Hay muchos
modos de partir la humanidad en dos, hombre y mujer, juventud y vejez, ricos y
pobres, guapos y feos. Hay otra no claramente evidente, la que está en el
origen de nuestras acciones, de nuestros deseos, de nuestra voluntad de hacer
mundo, la que separa a los hombres entre resentidos y vitalistas. El
resentimiento que nace del sentido de una injusticia jamás resarcida amarga al
hombre, lo angustia, socava los principios de una personalidad equilibrada. El
vitalista es el hombre que se adapta a la vida que le toca, que convierte los
obstáculos en puntos de apoyo para transformarse.

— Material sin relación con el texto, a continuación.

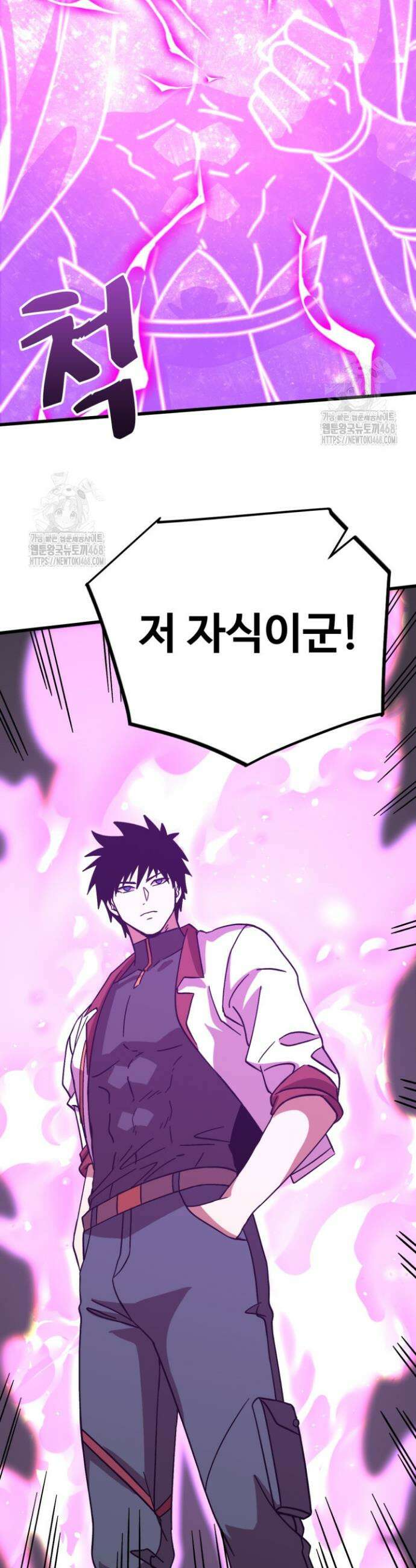 만년 후 미래에서 레벨업 228화 8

En su punto más escorado el
resentido es un amargado, siempre disconforme que no se encuentra a gusto más
que en la infelicidad. El vitalista más adaptable llega a ser un conformista
que puede llegar a convivir con la podredumbre. Hay una ética del resentimiento
como la hay del conformismo, del mismo modo que hay políticos resentidos cuya
pulsión antes que la construcción es la destrucción, políticos cuyas palabras y
gestos, cuya expresión tiende hacia la ira, el odio y la amenaza, como hay
aquellos otros que en su rostro bonachón se trasparenta el mejor de los mundos o la
ilusión de nada mover para no empeorar.